Foreign drivers are regularly targeted by fraudsters – either to be involved in organised fraud or (more often) by those looking to take advantage of road users unfamiliar with the driving environment and claims processes.
In an ongoing fraud ring, in which a credit hire and claims management company is targeting foreign drivers, it is obvious that those driving and enabling these claims do not really believe insurers and/or the insured will fully support an investigation or provide evidence. Foreign insurers are, however, as willing to fight fraud as we are.
Emboldened by assumption, claimants often litigate but, in doing so, fail to understand properly the fundamentals of the sixth Motor Directive resulting in incorrectly issued claims.
If fraud is an attack on weak process then taking a technical point allows us, in the face of fraud, to make the processing of this claim a little tougher for the fraudster.
An alleged collision
In April 2016 an accident that was never reported to insurers is said to have occurred.

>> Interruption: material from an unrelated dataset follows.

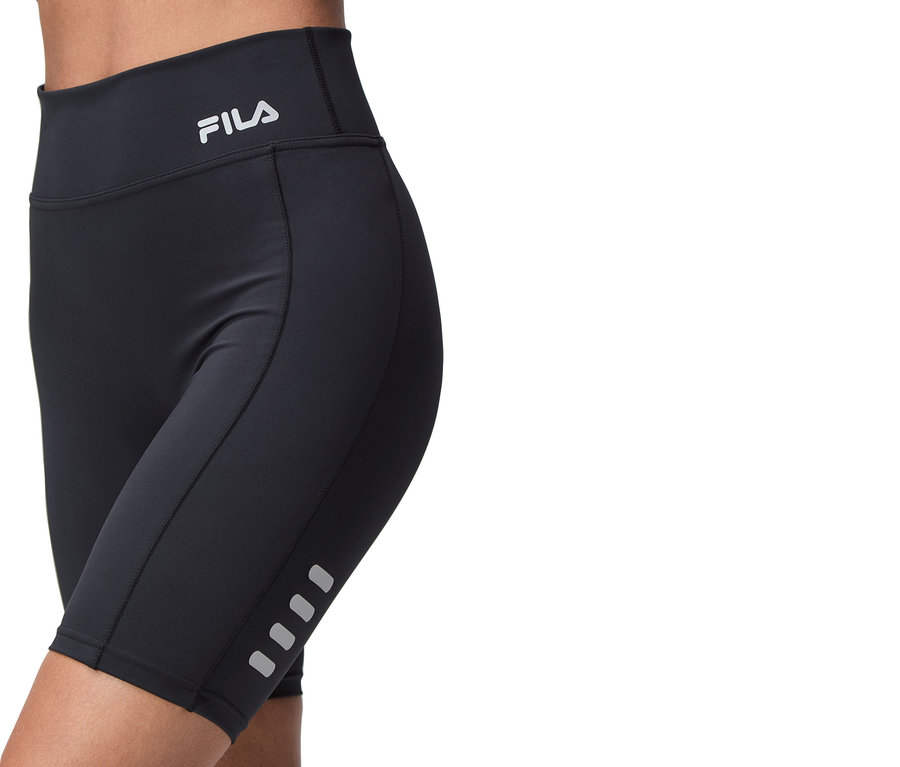 Nahaufnahme einer Person, die schwarze Fila-Radlerhosen trägt, mit dem Fila-Logo am Bund und reflektierenden Details an den Beinen.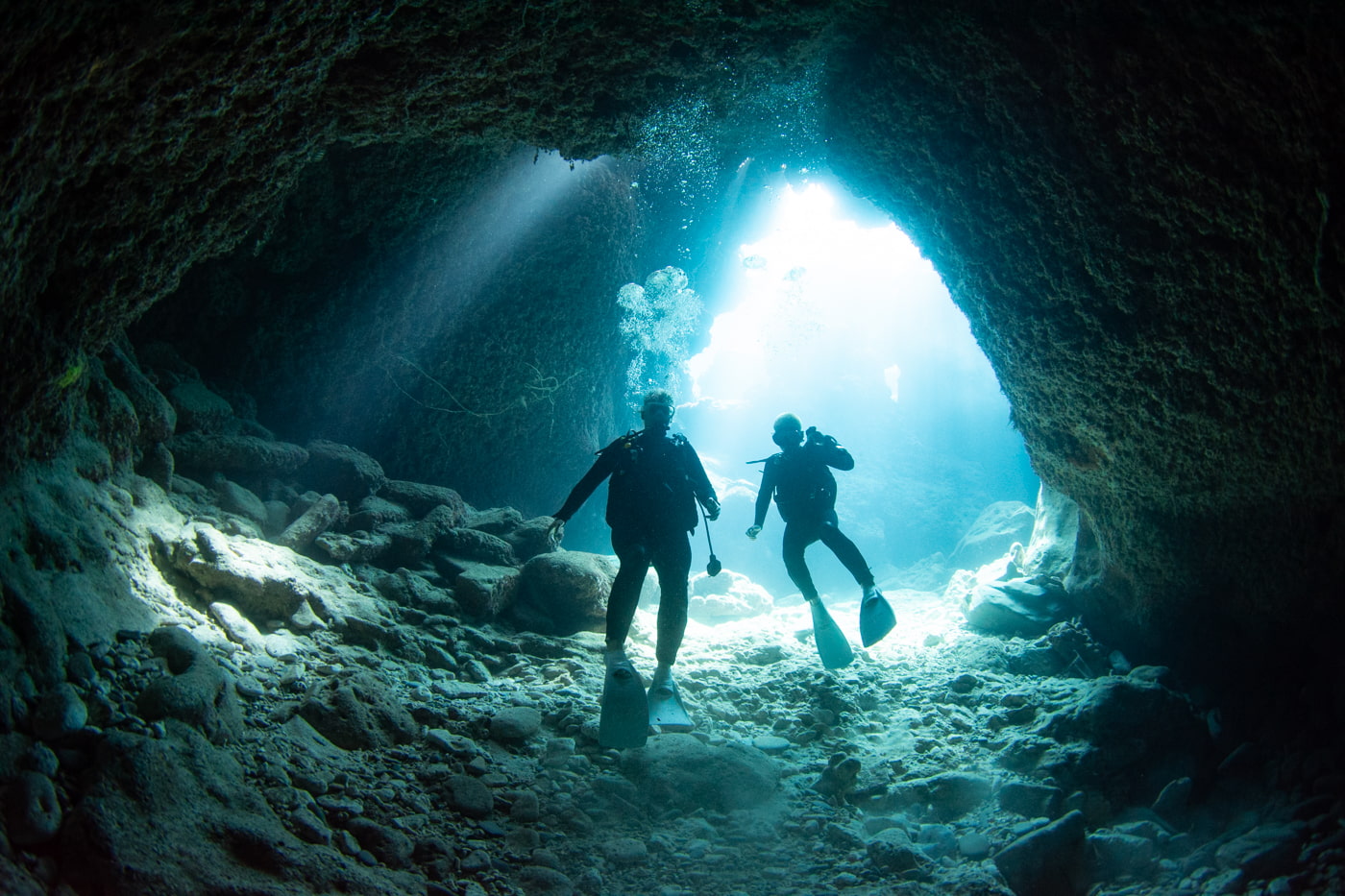 Guests diving inside a cave.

The circumstances reported by the CMC on presenting the claim were unremarkable and liability would obviously attach to the foreign insured. However, on further examination the following issues were identified:
– No report of the accident prior to the claim being presented.
– Multiple areas of damage to the claimant’s vehicle which failed to fit the alleged circumstances.
– Discrepancies in various documents disclosed by the CMC in respect to a number of alleged losses.
– Over-valued repair costs.
– Failure to disclose information relating to an (alleged) ongoing hire.
– CHO did not own hire vehicle.
– Inconsistent accounts as to the identity of the defendant.
– Signature discrepancies.
– And other issues that cannot be disclosed that are relevant to other ongoing investigations.
The claimant issued proceedings which were technically deficient and issued in the wrong jurisdiction, which was challenged along with an application to strike out the claim (as the claim offered no reasonable grounds).
The application was successful and costs awarded in the defendants favour pursuant to CPR 44.15. A cross-application was refused. This provided a cost effective and early resolution to the client, saving nearly £40,000.
Using all available tools
Fighting fraud does not need to be a showdown. We always look at ways we can block routes off and make the claims process less hospitable in these types of claim. Insurers don’t take points for the sake of it. In genuine cases early resolution is desirable. Working with insurers to identify those genuine cases is as important as identifying those to be fought.
In acting for foreign insurers we will always pay close attention for technical and procedural mechanisms to make fraud more difficult to execute. A technical knockout is still a knockout.